这当然是个美差。我搜肠刮肚想多准备几个漂亮的词语,毕竟与名家近距离接触两个多时辰,想来我是太激动了;我又为匆忙间穿了件暗色衣服而懊悔,自以为是地认为,暗色衣服的民国风,与当天的文学活动相契合。事实证明,我的处心积虑根本没必要,先生是个看上去寻常又十分随和的人。
在返程中,话题是由南京开始的,说到城墙,说到护城河。先生是个南京通,他带我们出城的路线与导航是相悖的,因此避免了市区的早高峰。之前读过他的散文随笔《旧影秦淮》,秦淮河,中山陵,民国官邸,城中小火车,或繁华沧桑,或肃穆庄严,或沉浮消隐,老南京的气质韵味在文中尽显。我想,若有充足的时间,能听他说得远点,一定是十分有趣的事。偶然八卦,问及叶圣陶先生,问及叶子女士,事后知道,他并不想过多谈及祖父,已经写了几十年的文章,出了那么多书,不能总是以“叶圣陶的孙子”的身份出现在读者面前。和先生,话题总要扯一扯文学,我是带着一些困惑去的,可是打了点文学擦边球,就不知该说什么好了,内心些许不安,唯恐浅薄藏掖不住。

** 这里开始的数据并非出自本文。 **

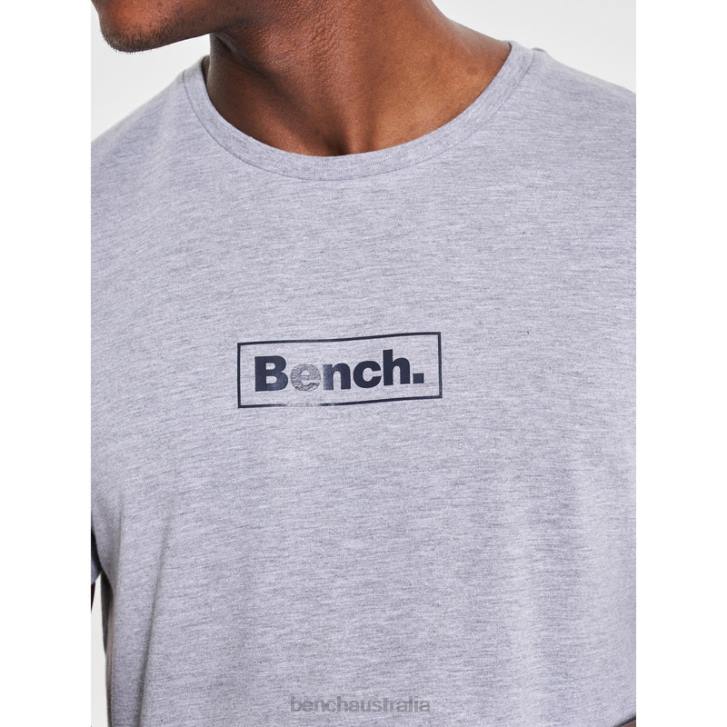 ANGUS Sustainable T-Shirt Men 8V8T19 Grey Marl Bench Apparel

先生比较会照顾他人情绪,三人的车上,有些时候,是他找着话题聊。他不是侃侃而谈的人,比起我见过的其他几位作家,如潘军、普玄、马金莲,字字句句中并无慷慨激昂的语调,来调动文学爱好者的情绪,也无“动人心者,莫先乎情”。
午后的小礼堂,前排就座百十号作协会员,往后是更多的青春逼人的高中生,台上端坐着叶兆言先生。我忽然又有点抑制不住的激动,身体里像注入一股新鲜的奔突的血液。
先生是与大家谈谈阅读与写作的。自言寡淡无趣的他,想必肚子里是藏有一座宝藏,这座宝藏和历史、国学有关,和司马迁的《史记》有关,和见识有关,和熏陶传承有关。我好奇,仰慕,敬畏,对先生,抑或对文学。
孩子们是可爱的,互动环节中,他们的提问大胆犀利,甚至刁钻,以此“为难”喜爱的作家,使讲座的后半场渐入佳境。先生始终温文尔雅,语气平和,恰如其分地一一答复,保持着良好的风度。“儒家的,满腹经纶,优雅随和,身上有旧文人的气息”——这是苏童对好友叶兆言的几字概括。
表面看起来随和的先生,观点一点也不随和,有些话耐人寻味,需慢慢咀嚼,恐一下子难以消化。文友说这是站的高度不一样,视野宽窄的问题,导致的认知差别。最认同他把文学比作爱情,没有爱情的婚姻可以维持,有了爱情,生活当然美妙;一个社会的进步不是靠文学推进的,文学渺小,但特别美好;写作要远离功利,等等。可见,先生骨子里有着文人的浪漫情怀,又是客观冷静的。
可是,当今的人能躲得开功利圈吗?甘愿一辈子寂寂无名?也许不到一定境界,不会淡泊明志。当文学被利用的时候,一样不能免俗。
无论如何,文学值得信赖。文学的定义有“形象化地反映客观现实,表现作家的心灵世界”。正如先生所言,写文章讲真话很重要。当然,也需艺术加工。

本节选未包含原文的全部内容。